Lai on Tuesday delivered a talk at the Taoyuan Hakka Youth Association, the second of a series of 10, and said that Taiwanese supported democracy, and their votes, through elections and recalls, express “steel-willed determination” to protect Taiwan’s democracy.
That force that is not only expressed in the government, but also within the legislature, he said.
Photo: CNA
“Hammer after hammer, tempered into steel and removed of all impurities, until all that’s left is steel-willed determination to defend our sovereignty and safeguard our democracy,” he said.
Chu said that Lai, like totalitarian governments, is in favor of purging members of the opposition and likens the process to forging steel, in which one must purge the impurities from iron.
The majority of Taiwanese have already been deemed to be “the others” and impure, Chu said, referring to the removal of “Han Chinese” as an ethnic group from the Executive Yuan’s Web site on March 24 and defining the ethnic group as “the rest of the population.”
Lai is purging his and his party’s opponents under the guise of democracy, he said.
Lai’s use of Hoklo, commonly called Taiwanese, in front of Hakka people, and asking whether they understood, is an attempt to create a Hoklo-only society, Chu said.
Hakka people are also Taiwanese, and the Hakka language is also a Taiwanese language, he said.
New Taipei City Mayor Hou You-yi (侯友宜) of the KMT said unity should be about tolerance and moving forward, rather than treating lawmakers as “impurities” that needed to be “hammered out.”
Taiwan People’s Party (TPP) Chairman Huang Kuo-chang (黃國昌) said that all Taiwanese should be the masters of the nation, not “impurities,” adding that Lai’s comments were chilling and did not sound like the head of a democratic country.
Lai should clarify what impurities he wished to eliminate, and why he sees Taiwanese this way, Huang said.
The TPP cannot accept the president’s attempt to divide the country under the guise of promoting national unity, TPP spokeswoman Celina Wu (吳怡萱) said.

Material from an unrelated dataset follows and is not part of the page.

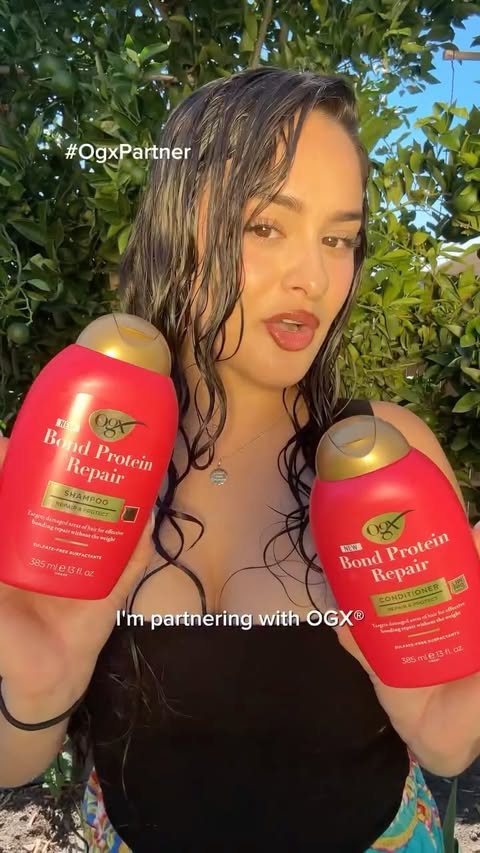 Instagram post by @cboothangcooks for OGX Beauty. Caption reads: #OGXPartner you know it’s going to be a good hair....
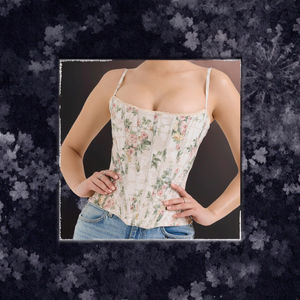 Top Corto sin Tirantes Transpirable para Mujer, con Estampado Floral, Elegante, al por Mayor - Product Image 3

Presidential Office spokeswoman Karen Kuo (郭雅慧) said this was not the first time Lai used the analogy, citing a 2019 speech.
Politicians should not overinterpret the president’s speech and not distort his intended message of solidarity, she said.
The president in his speech said that the desire to protect democracy is the most significant consensus among supporters of the Republic of China and those who back independence, she said.